───── RECORDED INFORMATION ─────

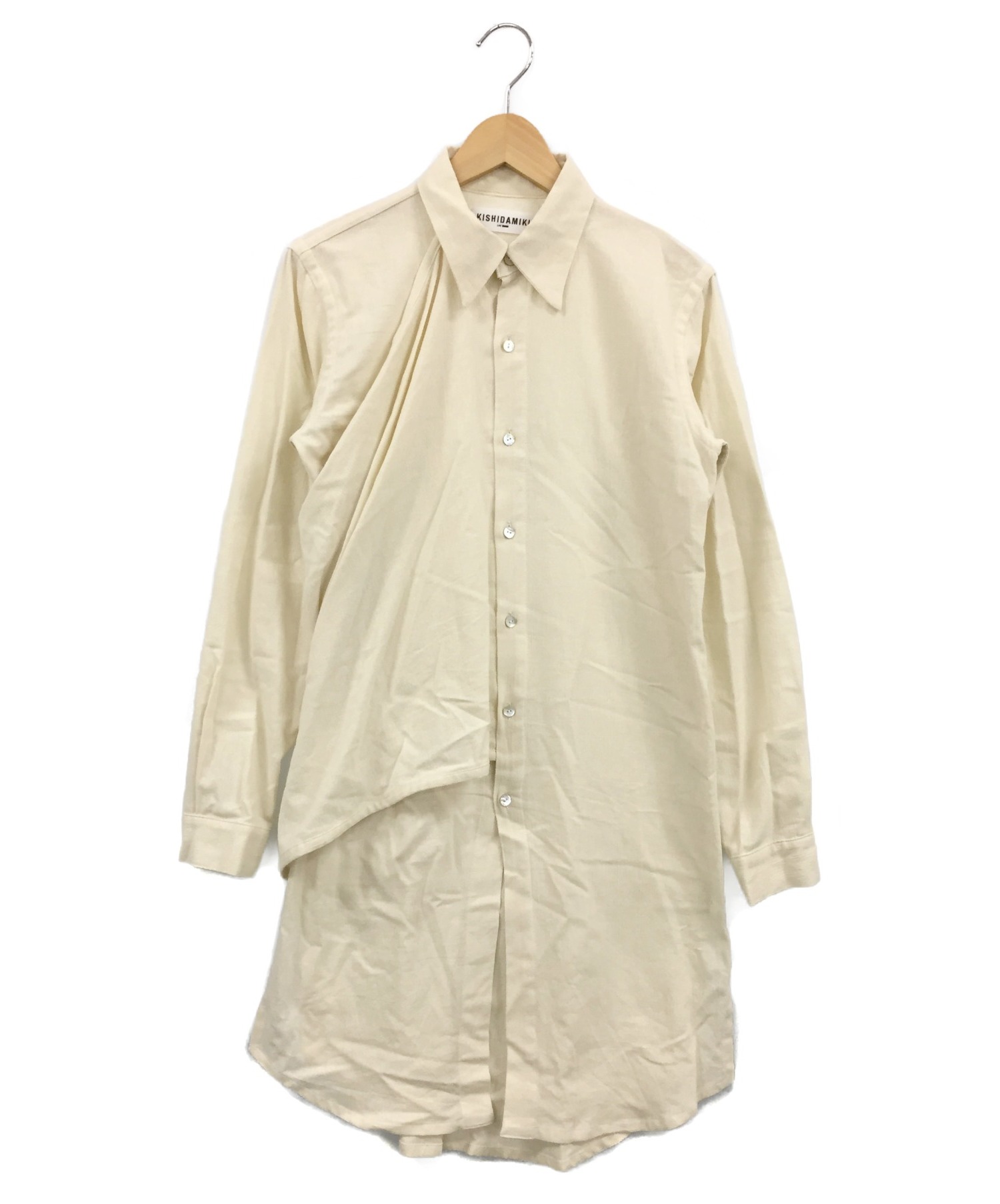 KISHIDAMIKI (キシダミキ) mass long shirt アイボリー サイズ:F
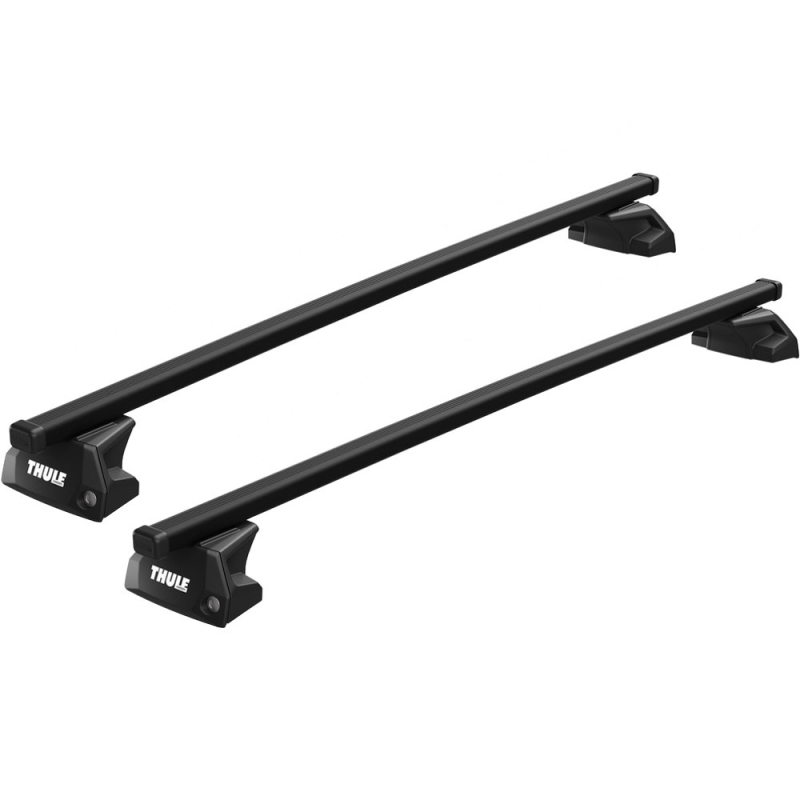 Bagażnik Dachowy Thule SquareBar Evo BMW 3-serie Touring 5-dr Estate 12-19 20- zintegrowane relingi srebrny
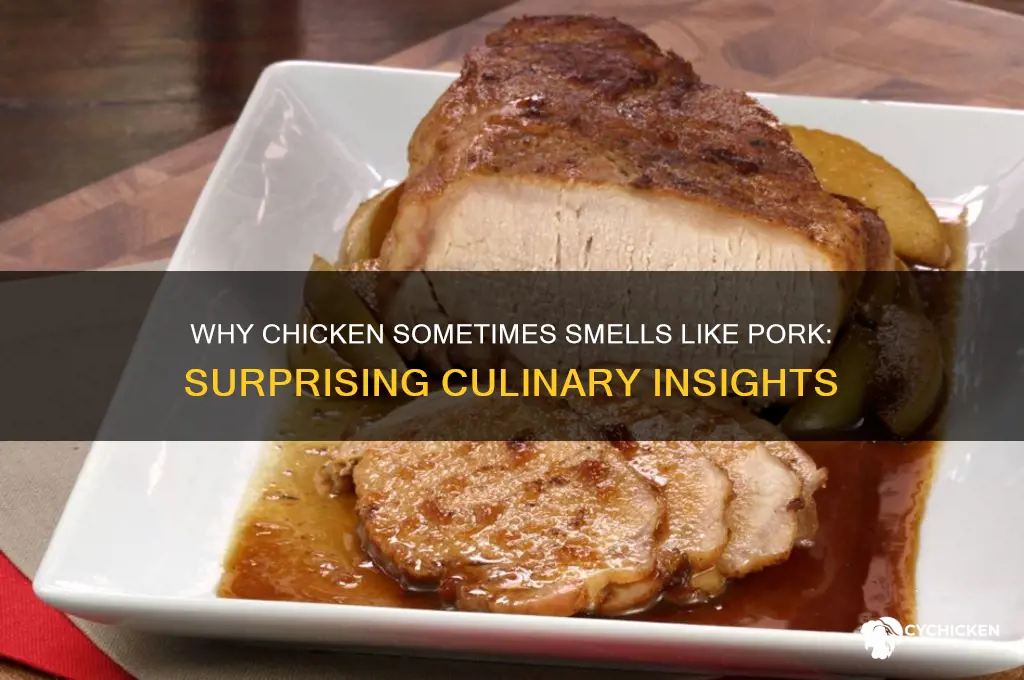 when does chicken smell like pork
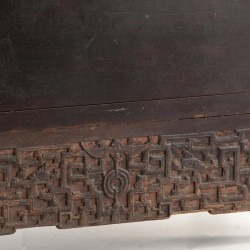 Armoire 2 portes chinoise brun antique Mat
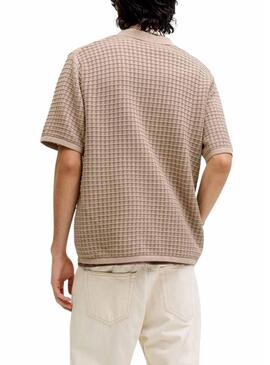 Polo Jack and Jones Nantucket beige per uomo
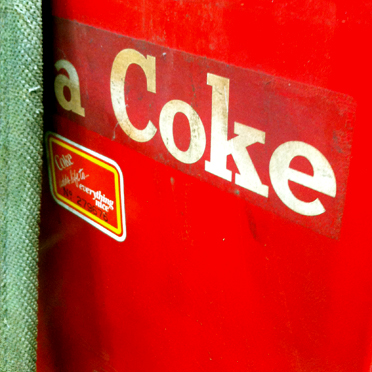 Vintage Coke Vending Machine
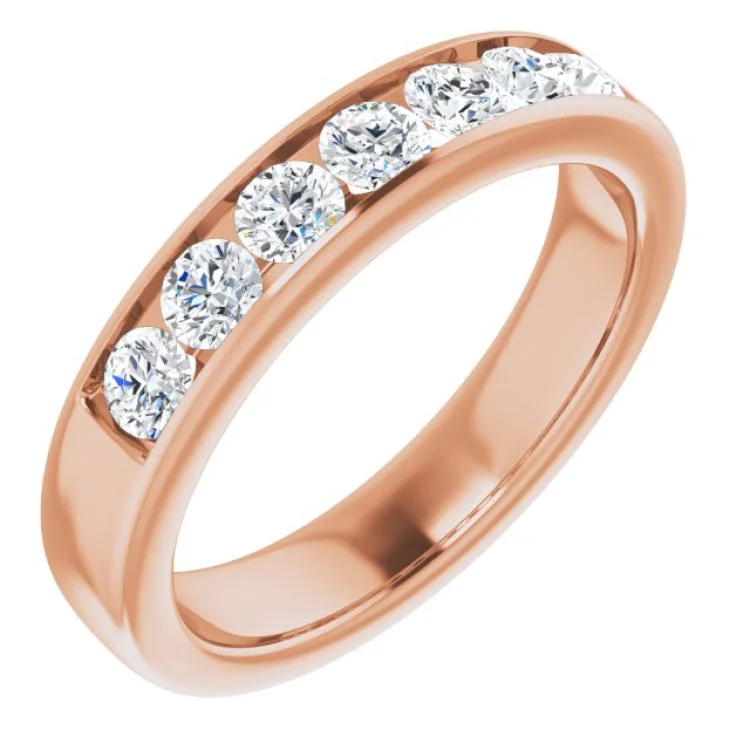 14K Rose 1 CTW Natural Diamond Band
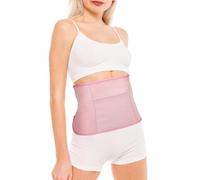 Heclia Lot d'huile de ricin réutilisable en coton bio - Emballage de compression pour ventre et cou - Avec élastique réglable - Étanche - Anti-huile - Anti-fuite - Bande élastique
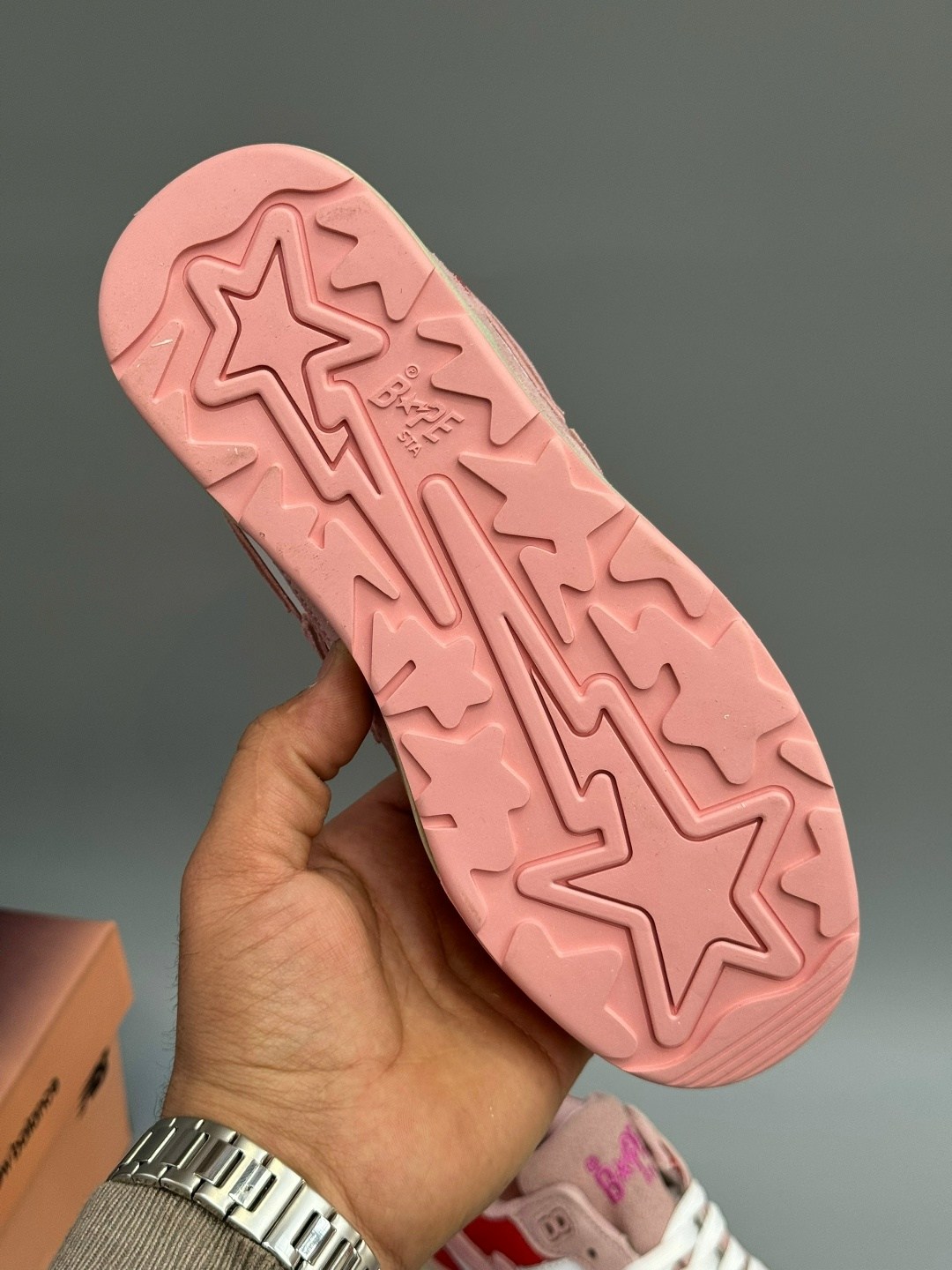 bape кроссовки,кроссовки,женские кроссовки,розовые кроссовки,кроссовки bape sta pink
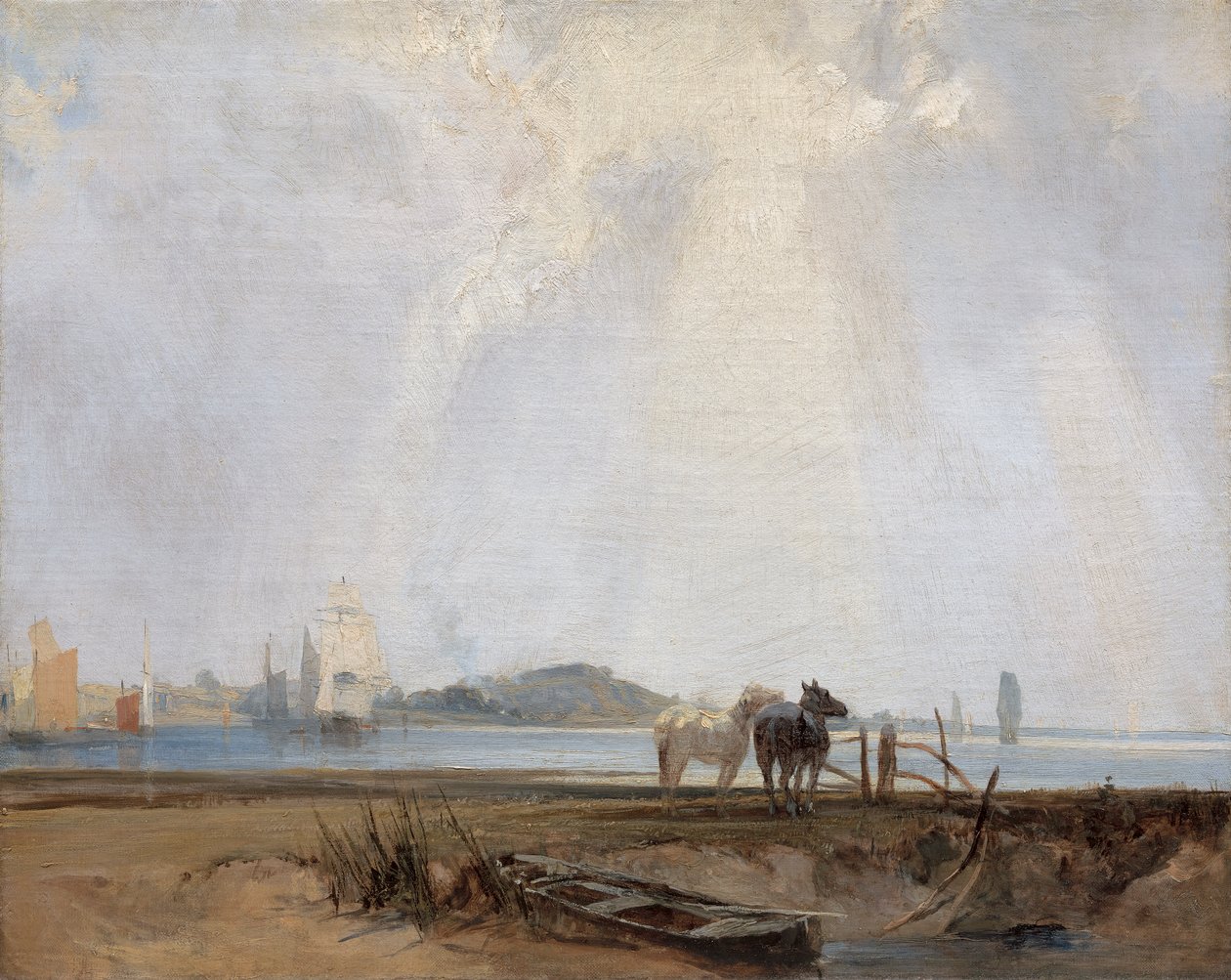 I nærheden af Quillebeuf af Richard Parkes Bonington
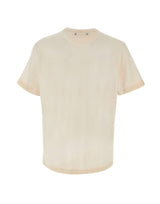 GOLDEN GOOSE T-shirt in cotone vintage BEIGE Uomo 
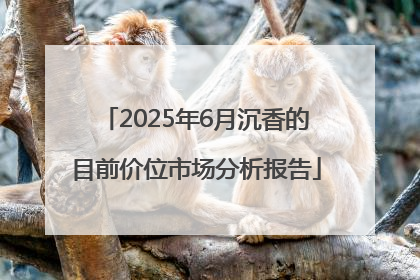 2025年6月沉香的目前价位市场分析报告
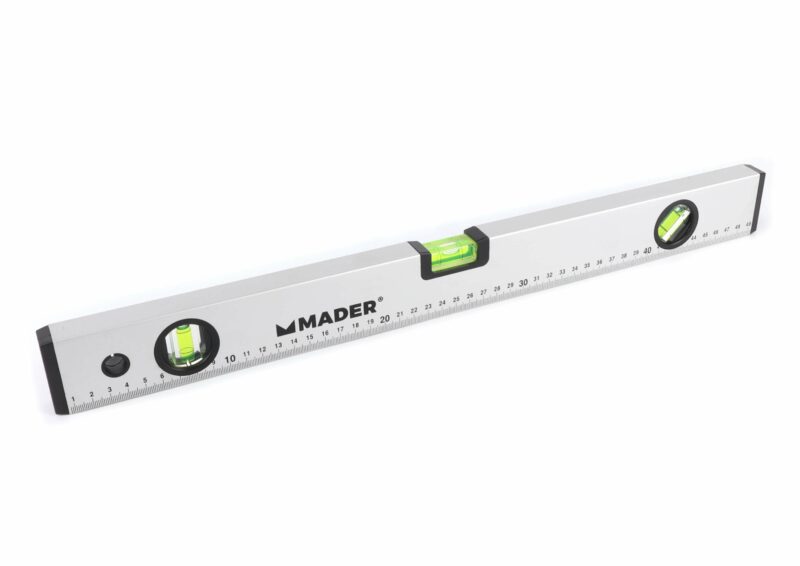 MADER 30525 - Nivel de Aluminio, 3 Borbujas, 50cm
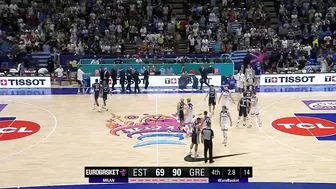 Estonia ???????? - Greece ???????? | Game Highlights - FIBA #EuroBasket 2022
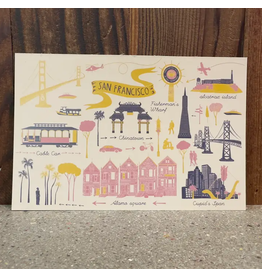 Local Notion San Francisco Landmarks Postcard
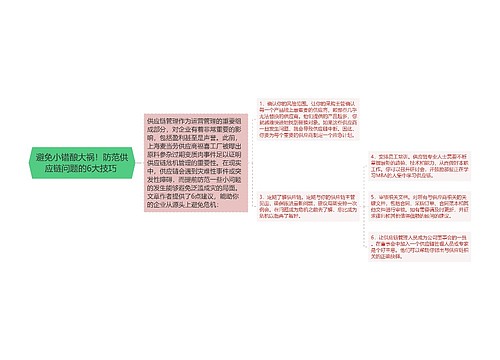 避免小错酿大祸！防范供应链问题的6大技巧 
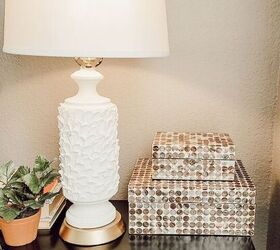diy lamp makeover with texture and dimension anthropologie inspired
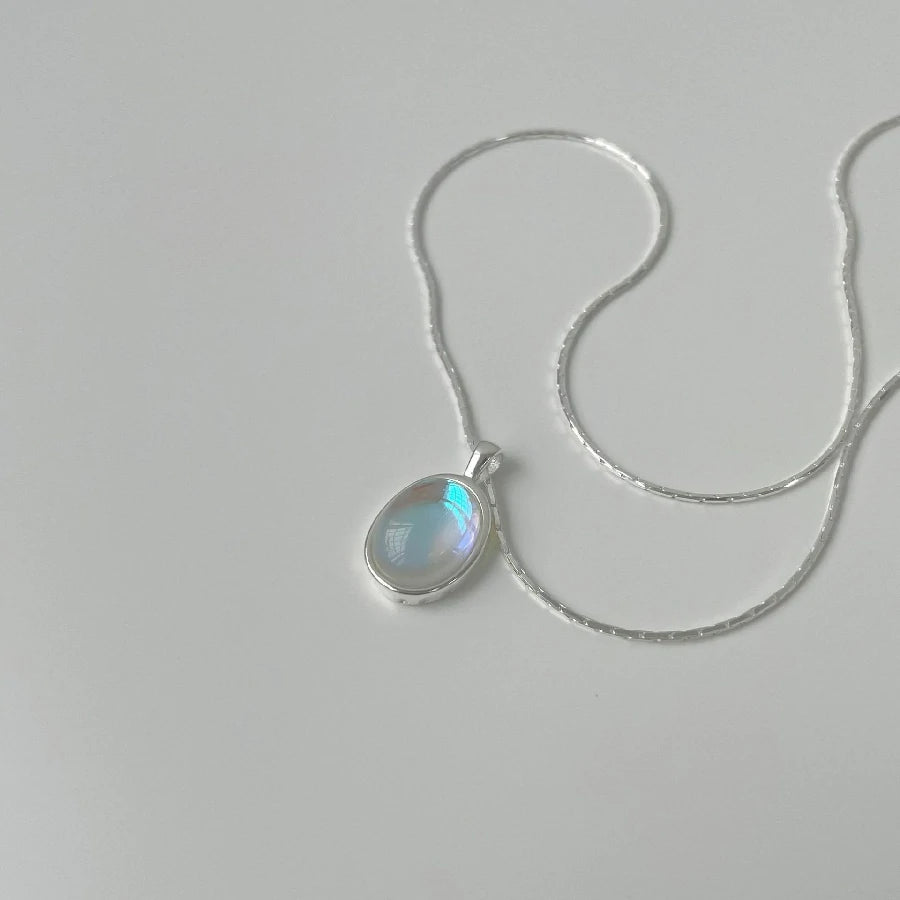 Oval Stone Necklace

─────

### TASK ITEM
From the line with "I nærheden af" down to the last line of the entries above, set down every line exactly, apart from the pictures.

### RESULT FOR THIS EXERCISE
 I nærheden af Quillebeuf af Richard Parkes Bonington
 GOLDEN GOOSE T-shirt in cotone vintage BEIGE Uomo 
 2025年6月沉香的目前价位市场分析报告
 MADER 30525 - Nivel de Aluminio, 3 Borbujas, 50cm
 Estonia ???????? - Greece ???????? | Game Highlights - FIBA #EuroBasket 2022
 Local Notion San Francisco Landmarks Postcard
 避免小错酿大祸！防范供应链问题的6大技巧 
diy lamp makeover with texture and dimension anthropologie inspired
 Oval Stone Necklace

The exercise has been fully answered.